La crisis de la noción moderna de soberanía
Sin dudas, la crisis de la idea moderna de soberanía de los Estados-Nación es parte de un proceso particularmente acentuado a partir de la posguerra. La noción propiciada por pensadores como Bodin en Les six livres de la République (1576) y que los príncipes europeos consagraran en 1648 durante el tratado de Westfalia señalaba a cada Estado como unidad independiente y no sujeta a ninguna autoridad humana superior, prohibiendo por tanto inmiscuirse en los asuntos internos de los otros Estados. En estos inicios, la soberanía tenía como antecedente al concepto de autonomía individual, dado que por una transposición categorial, se entendía de algún modo que la situación de cada Estado en el contexto de las naciones era similar a la de los individuos en el estado de naturaleza.
La razón de que esta concepción haya ido sufriendo mellas no se encuentra sólo en hechos no controlados de violencia sino también en el consentimiento mismo de las naciones. La Carta fundacional de la ONU y la Declaración de los Derechos Humanos en 1945, los distintos pactos internacionales sobre el juicio por genocidio -entre otros-, son antecedentes de las medidas que rompieron finalmente de forma abierta esta noción durante la guerra de Kosovo en 1999[7].

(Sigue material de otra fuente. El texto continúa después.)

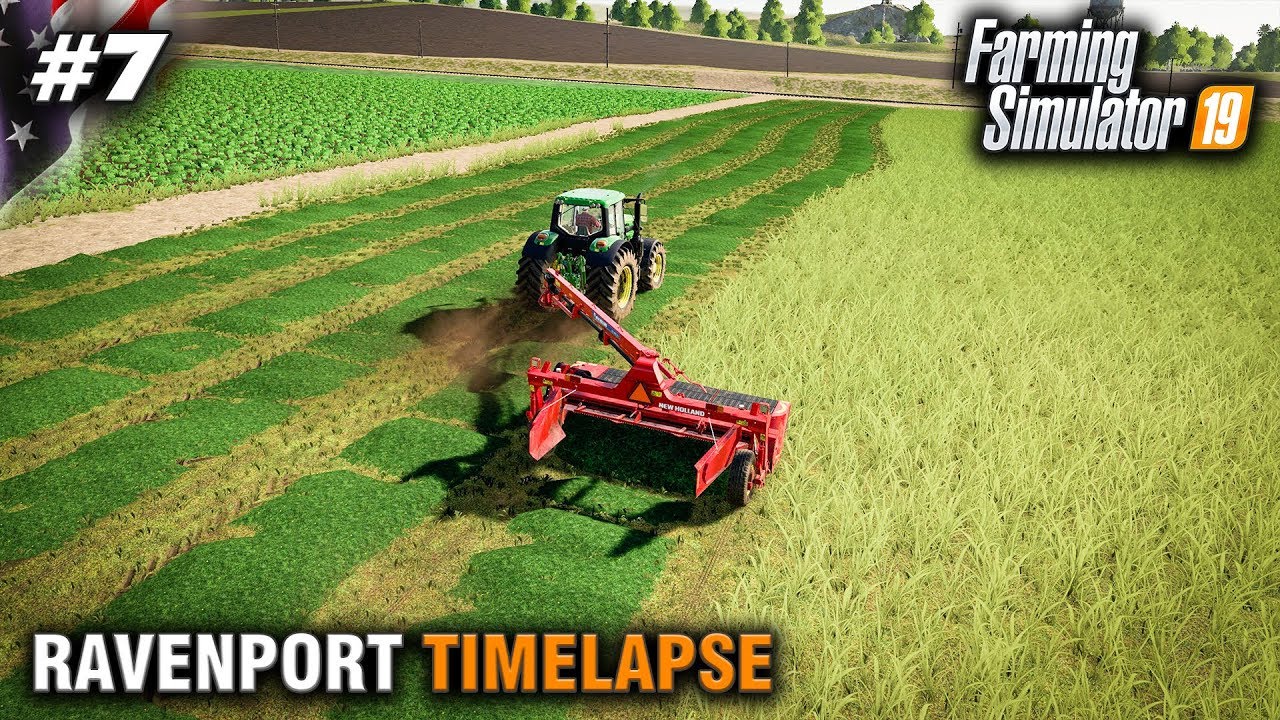FS19 Timelapse Ravenport #7 Mowing For silage Bales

En rigor de verdad, esta idea de soberanía, que descansó en el consentimiento jurídico, pocas veces fue real en términos efectivos hasta la constitución histórica de los Estados- Nación y aún hoy sobran ejemplos que permiten cuestionar hasta qué punto éstos tienen real autonomía y garantías completas de no intervención por parte del resto de los Estados: en América Latina gran parte de las decisiones de gobierno dependen de las principales potencias a causa de las deudas que tienen con los principales organismos multilaterales; en Europa un único Banco Central dirige las políticas de la moneda común, la Unión Africana llega a acuerdos de mutua intervención, e incluso los EEUU, quizás una de las pocas naciones que podría tener un ejercicio efectivo de su poder dentro de sus fronteras, ha encontrado en Al qaeda un contra poder que sin ser estatal, ha dado muestra de la fragilidad de su control y ha desdibujado el trazado de sus fronteras.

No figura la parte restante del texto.